The probability amplitudes $a_n$ can also be usefully expressed in terms of the orthogonal eigenstates of $\hat{M}$ $$\begin{matrix} &|\psi\rangle & = & \displaystyle{\sum_n a_n |e_n\rangle} \\ \text{Multiply both sides by } e_j: & \langle e_j |\psi\rangle & = & \displaystyle{\sum_n a_n \langle e_j |e_n\rangle} \\ &&=& a_j \end{matrix}$$ because $\langle e_j |e_n\rangle = \left \{ \begin{matrix} 0 & \text{if } n\neq j\\ 1 & \text{if } n=j \end{matrix} \right .$ by the orthogonality of the eigenstates. I can get the probability amplitude for eigenstates $|+\rangle$ and $|-\rangle$ of my current qubit through $$\begin{matrix}a_0 &=& \displaystyle{\langle + | \left(\frac{1}{\sqrt{2}}|0\rangle - \frac{i}{\sqrt{2}}|1\rangle \right)} \\ &= & \displaystyle{\frac{1}{\sqrt{2}}\langle + | 0\rangle - \frac{i}{\sqrt{2}}\langle + | 1\rangle} \\ & = & \displaystyle{\frac{1}{2}\langle 0 | 0 \rangle + \frac{1}{2}\langle 1 | 0 \rangle - \frac{i}{2}\langle 0 | 1 \rangle} - \frac{i}{2}\langle 1 | 1 \rangle \\ & = & \displaystyle{\frac{1-i}{2}} \\ \\ a_1 &=& \displaystyle{\langle - | \left(\frac{1}{\sqrt{2}}|0\rangle - \frac{i}{\sqrt{2}}|1\rangle \right)} \\ & = & \displaystyle{\frac{1+i}{2}}\end{matrix}$$

From the results above, it makes sense to rewrite the qubit state as $$\begin{matrix}|\psi\rangle &=& \displaystyle{\sum_n \langle e_n |\psi\rangle \cdot |e_n\rangle} \\ &=& \langle + | \psi \rangle \cdot | + \rangle + \langle - | \psi \rangle \cdot | - \rangle\\ & = & \displaystyle{\frac{1-i}{2} |+\rangle + \frac{1+i}{2} |-\rangle} \end{matrix}$$ The notation $\cdot$ is added only for clear differentiation between the complex amplitude $\langle e_n | \psi \rangle$ and the state $| e_n \rangle$.

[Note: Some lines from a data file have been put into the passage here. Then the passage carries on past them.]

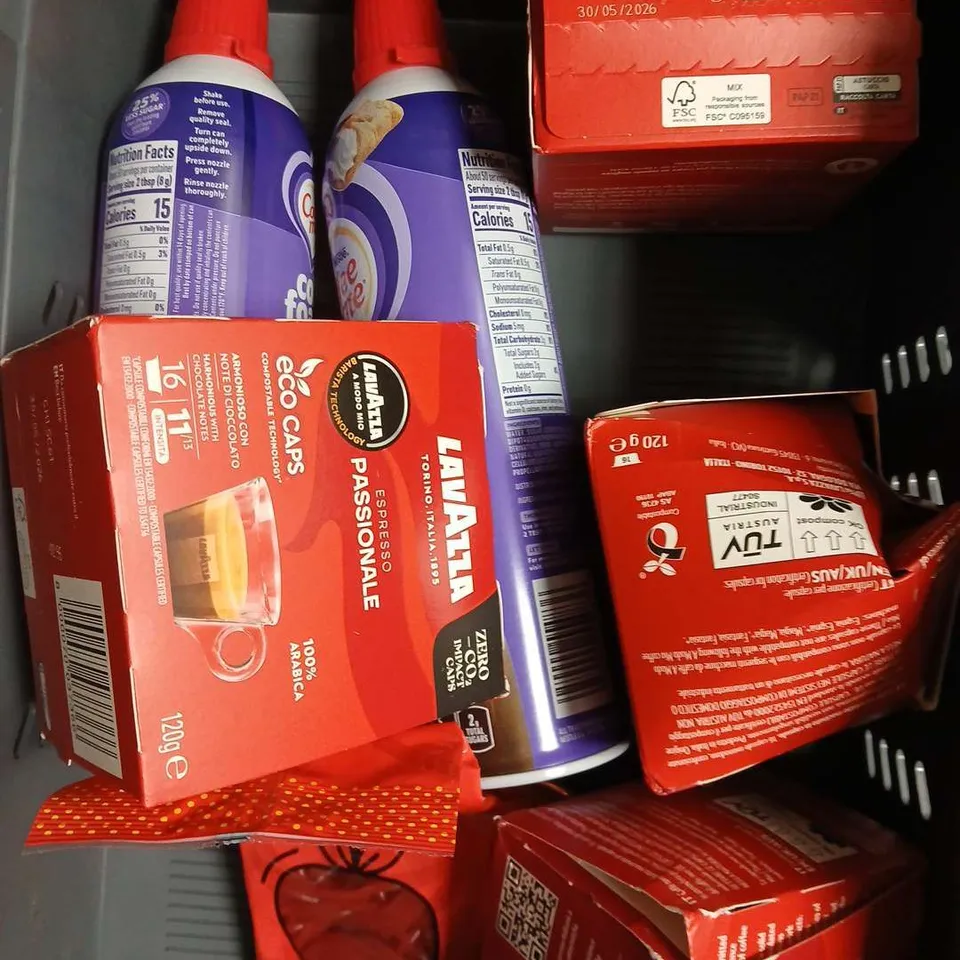 APPROXIMATELY 10 ASSORTED FOOD/DRINK PRODUCTS TO INCLUDE FOAM CREAMER, RHUBARB SYRUP, LAVAZZA COFFEE ETC 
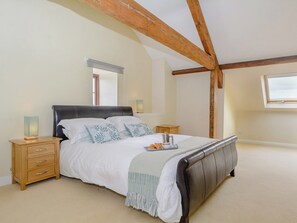 4 quartos, Wi-Fi de cortesia, roupa de cama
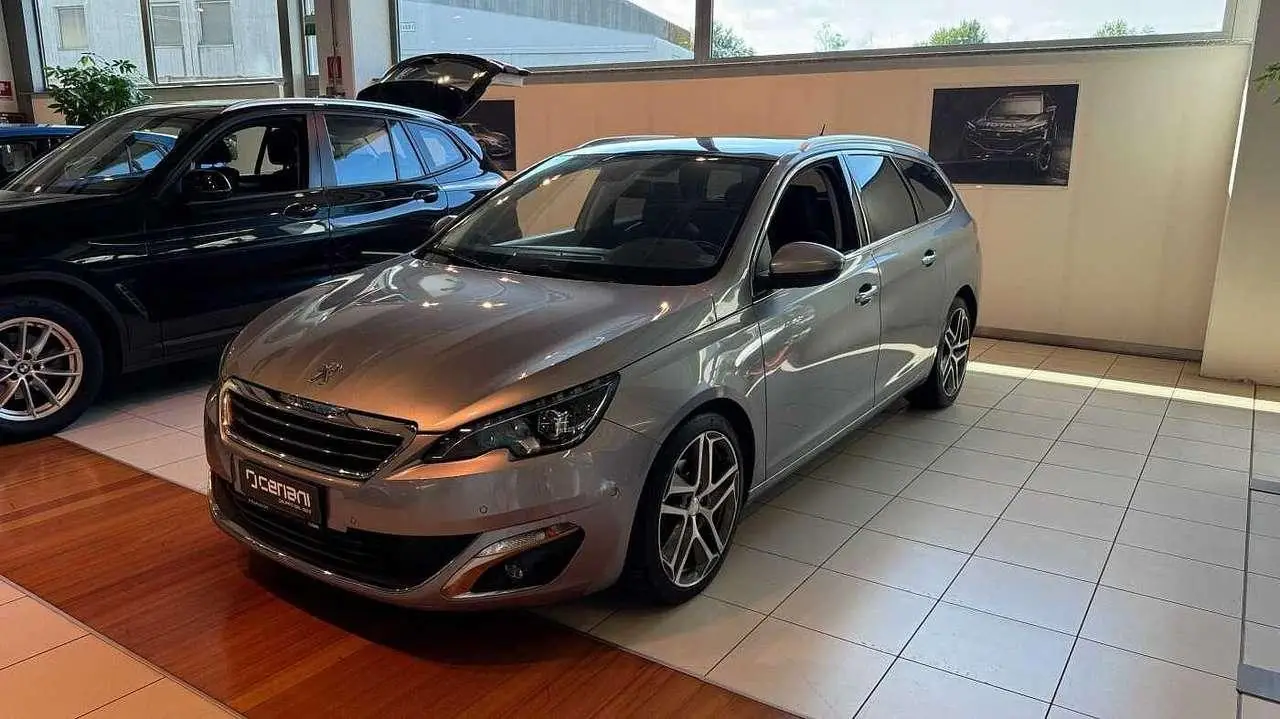 Photo 1 : Peugeot 308 2015 Diesel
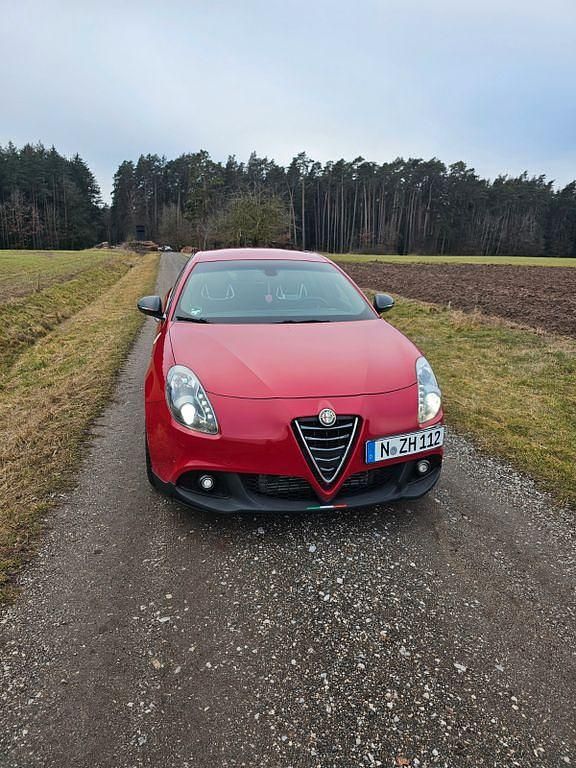 Gebraucht Alfa Romeo Giulietta Veloce 241 PS (177 kW) 2015 Rot Kleinwagen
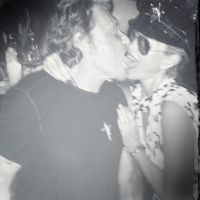 Laeticia Hallyday et Johnny s'embrassent comme deux ados pour la Saint-Valentin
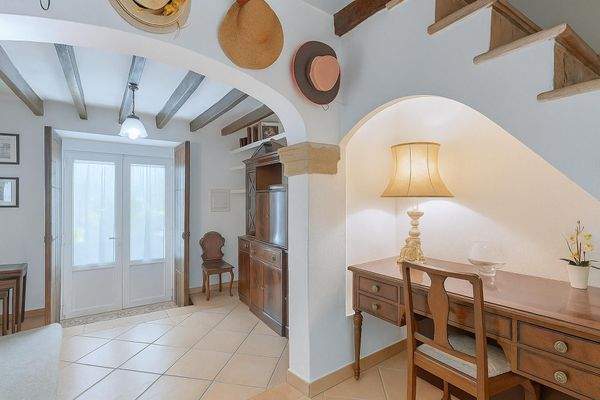 Klassische Treppe mit Steindetails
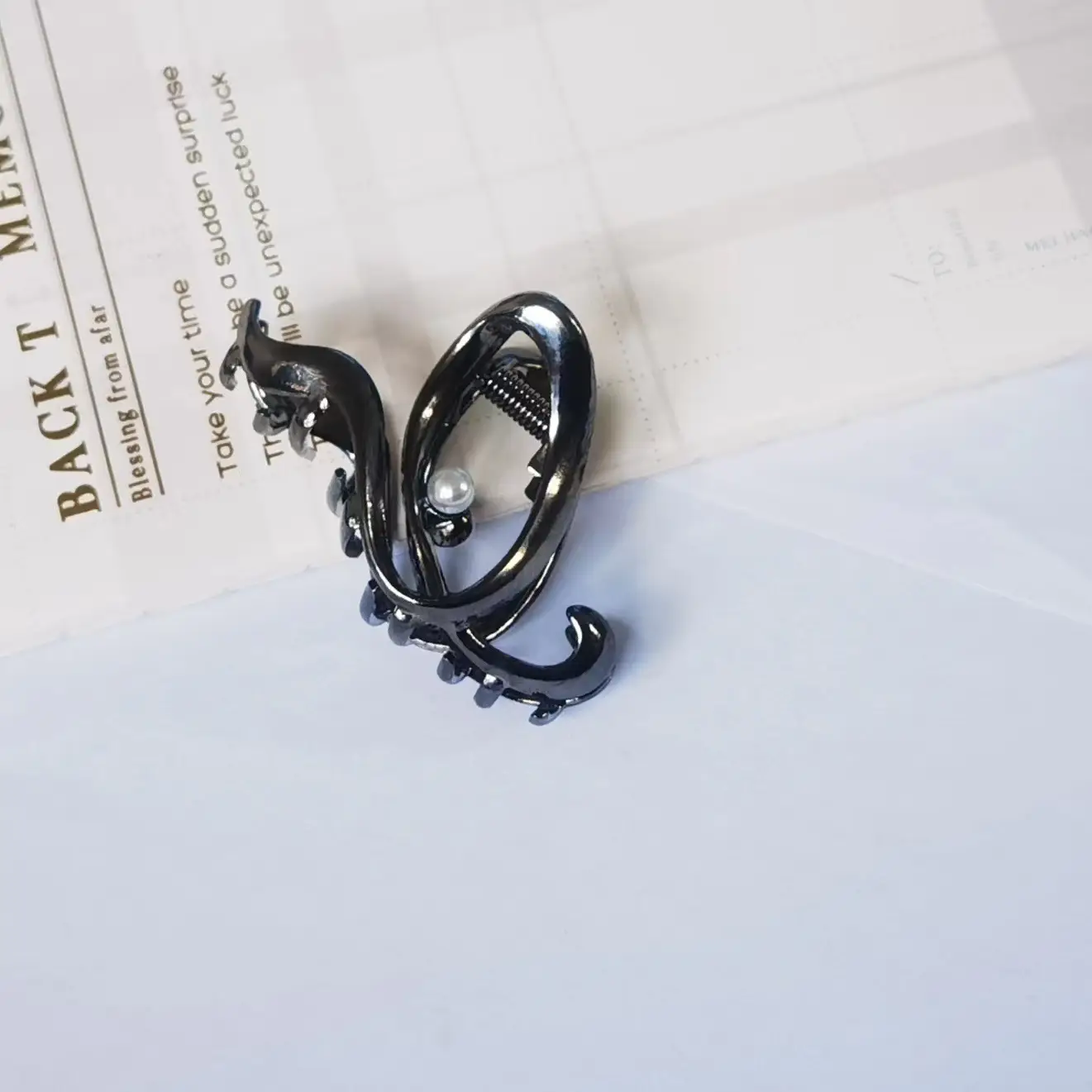 Gold Heart-Shaped Hair Clip for Women - Image 41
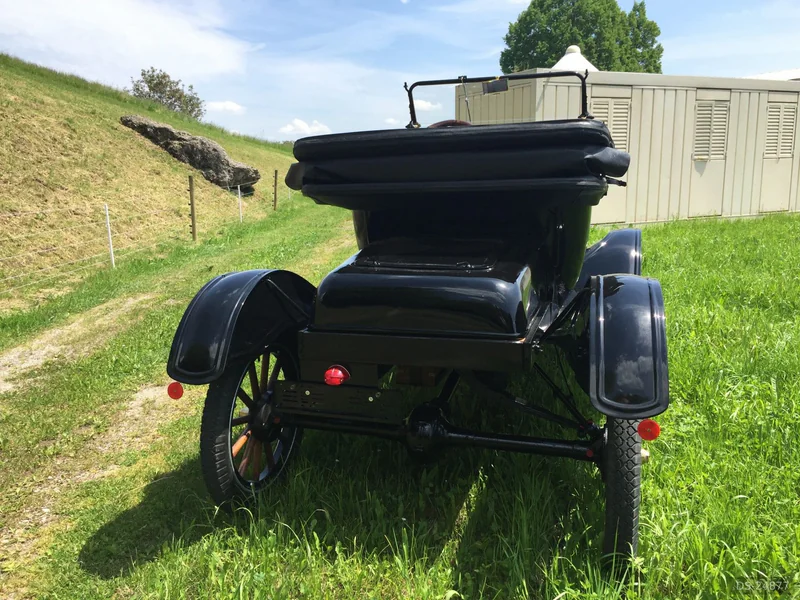 1921 Ford Model T in Bazenheid 3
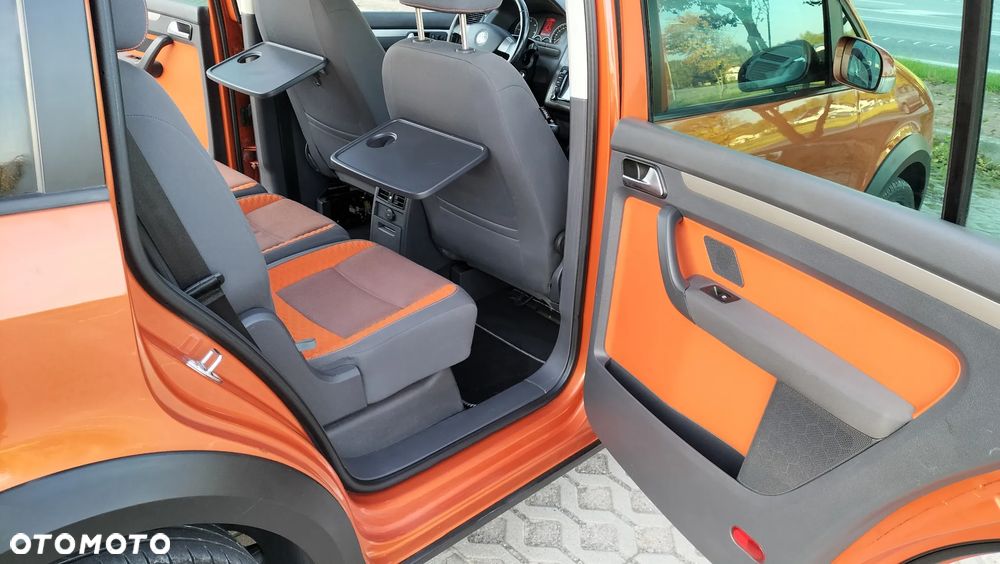 Volkswagen Touran - 15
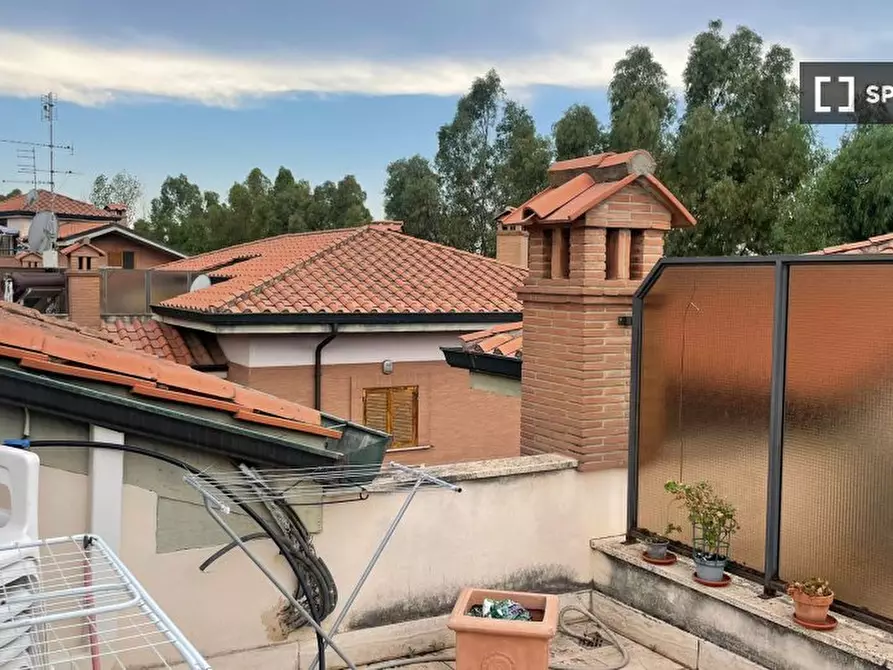 Immagine 15 di Camera condivisa in affitto  in Via Giorgio Sommer a Roma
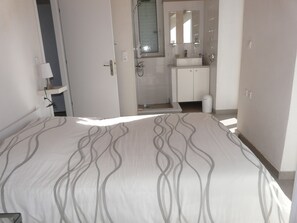 House, 6 Bedrooms, Smoking, Balcony | 6 bedrooms, soundproofing, iron/ironing board, bed sheets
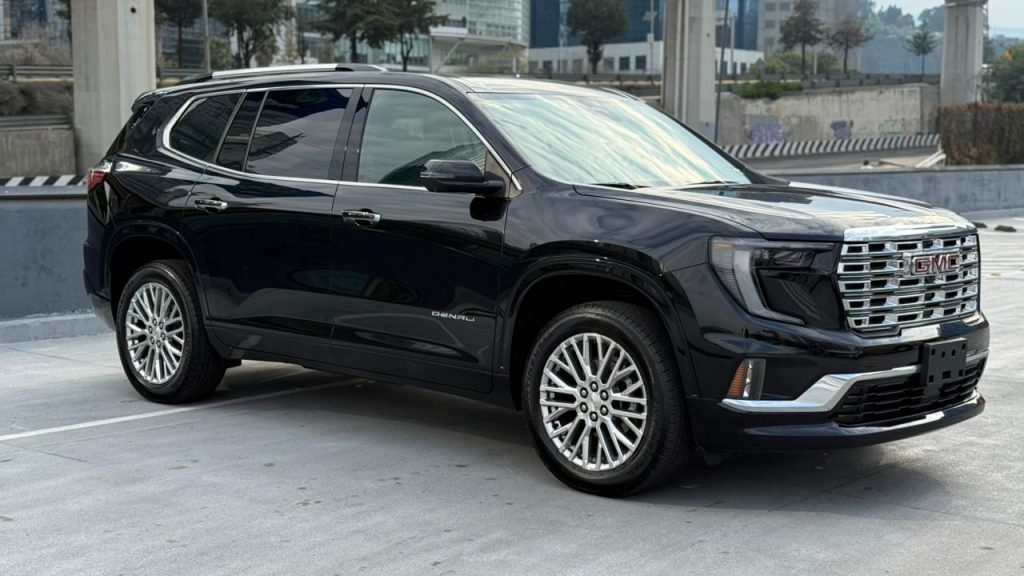 GMC Acadia 2024 — 5 pts. Denali, TA, piel, f. led, 7 pas., RA-20, 4x4 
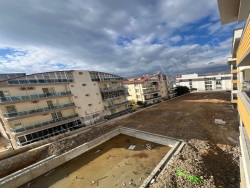 Kuşadası Değirmendere Mah. Satılık Daire 2+1 105 M2 | 2. Kat | Doğalgaz(Kombi) | 2 Banyo | 2 Yatak Odası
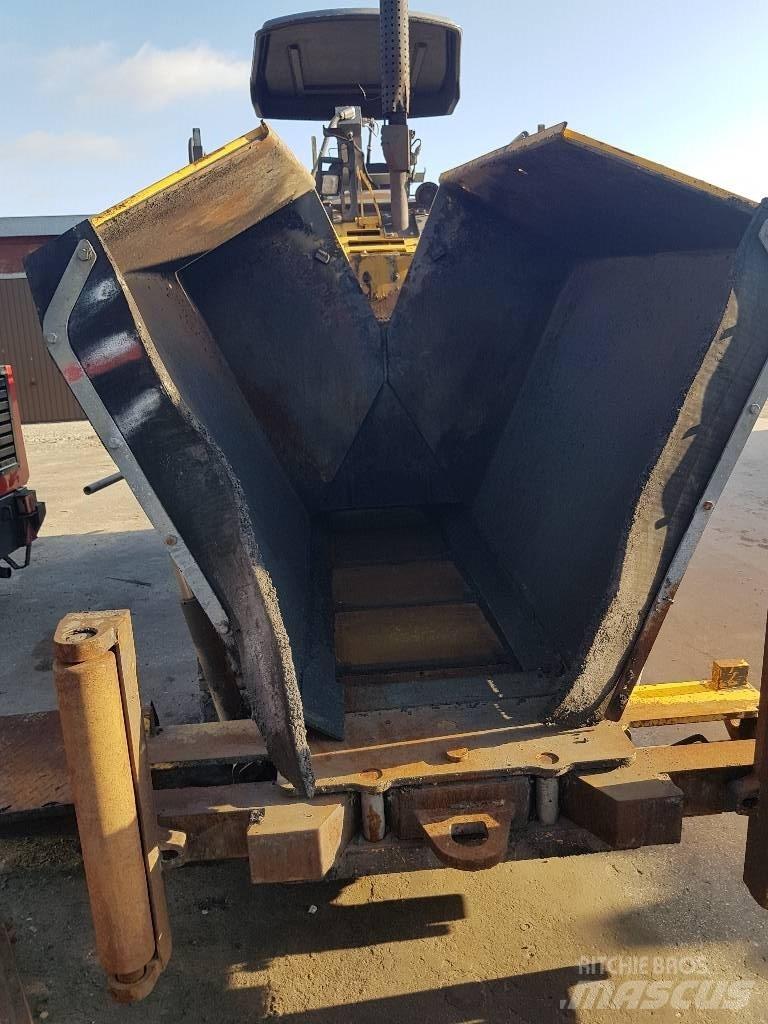 Volvo TITAN 2820 Asphalt pavers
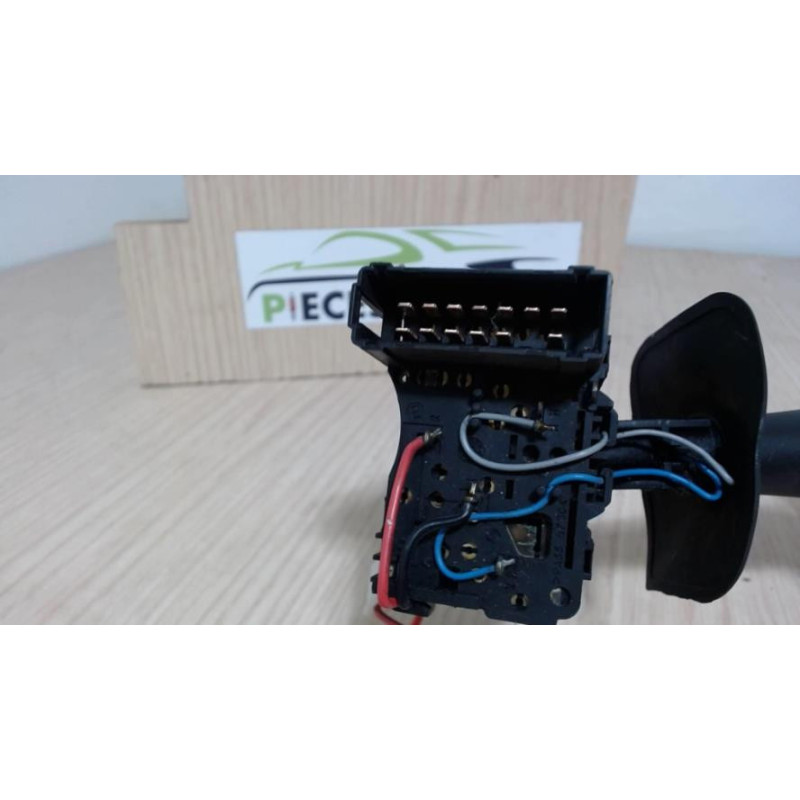 Commodo phare RENAULT CLIO 2 PHASE 1 d’occasion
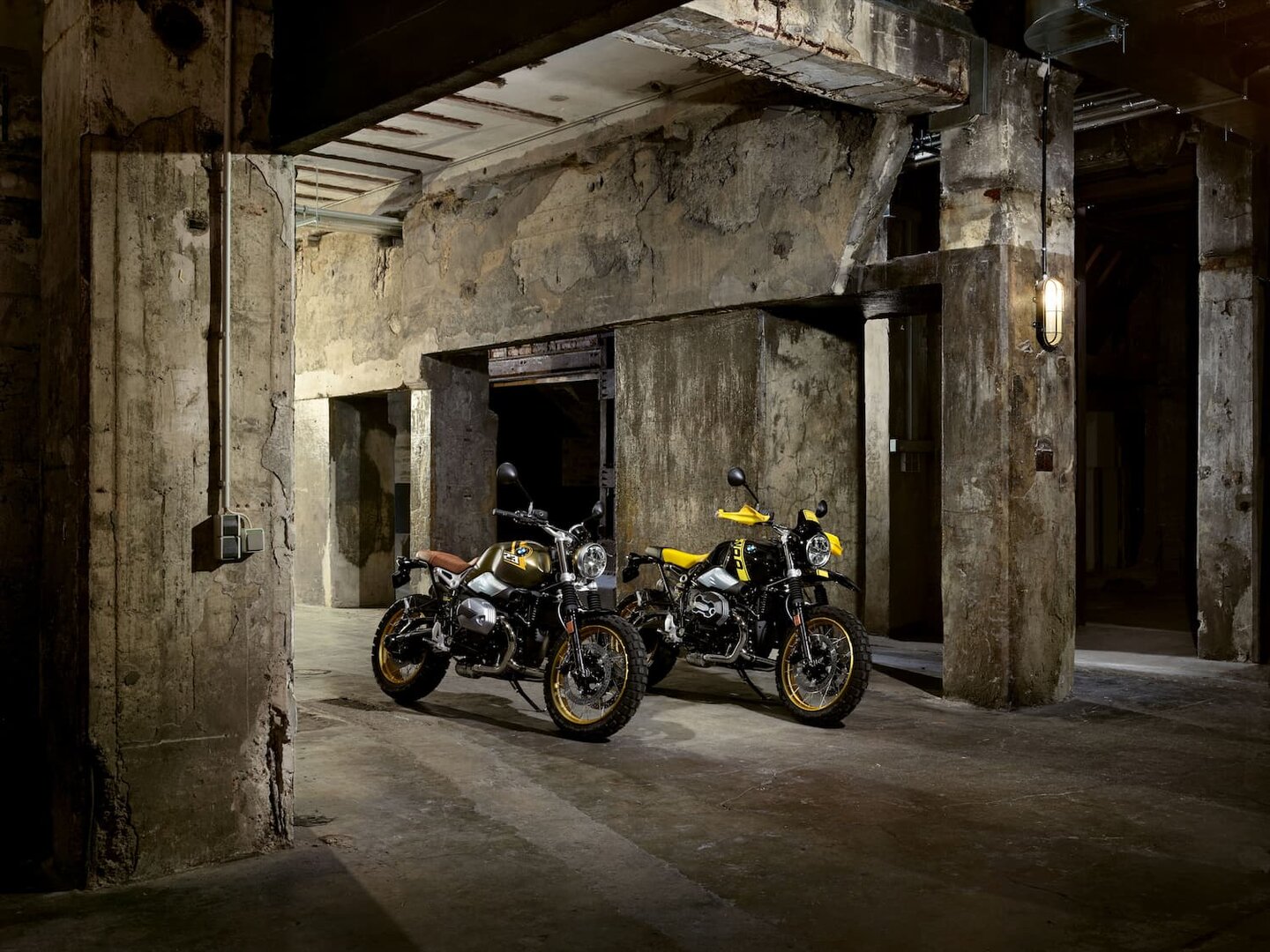 BMW R NINET SCRAMBLER - фото №12
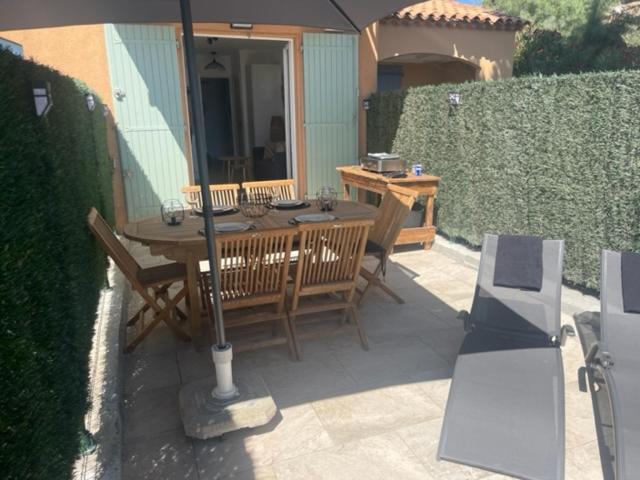 Apartamento La Martina Sainte-Maxime Exterior foto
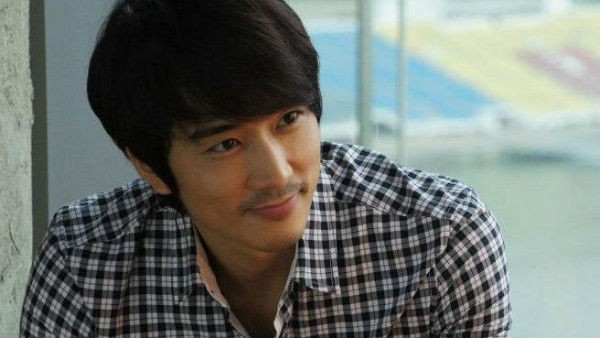 Song Seung Hun &aacute;m ảnh về t&igrave;nh đầu như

Suppose that the measurement returns eigenvalue $0$, then we know that the post-measurement state of the qubit is the normalized corresponding eigenstate. $$|\psi\rangle \leftarrow \frac{\hat{P}_0 |\psi\rangle}{\sqrt{p(0)}} = \frac{\frac{1-i}{2\sqrt{2}} |0\rangle + \frac{1-i}{2\sqrt{2}} |1\rangle}{\sqrt{\frac{1}{2}}} = \frac{1-i}{2} |0\rangle + \frac{1-i}{2} |1\rangle = \frac{1-i}{\sqrt{2}} |+\rangle$$ with $\displaystyle{\left | \frac{1-i}{\sqrt{2}}\right | = 1}$ as expected.

After going through this wall of text, you probably have enough background knowledge regarding Quantum Information to understand Quantum Algorithms, the next focus of my posts from now on. If there will be any further post on Quantum Information, it would be at an advanced level and inclined to the Theory of Quantum Mechanics and Quantum Information rather than an essence for Quantum Computing.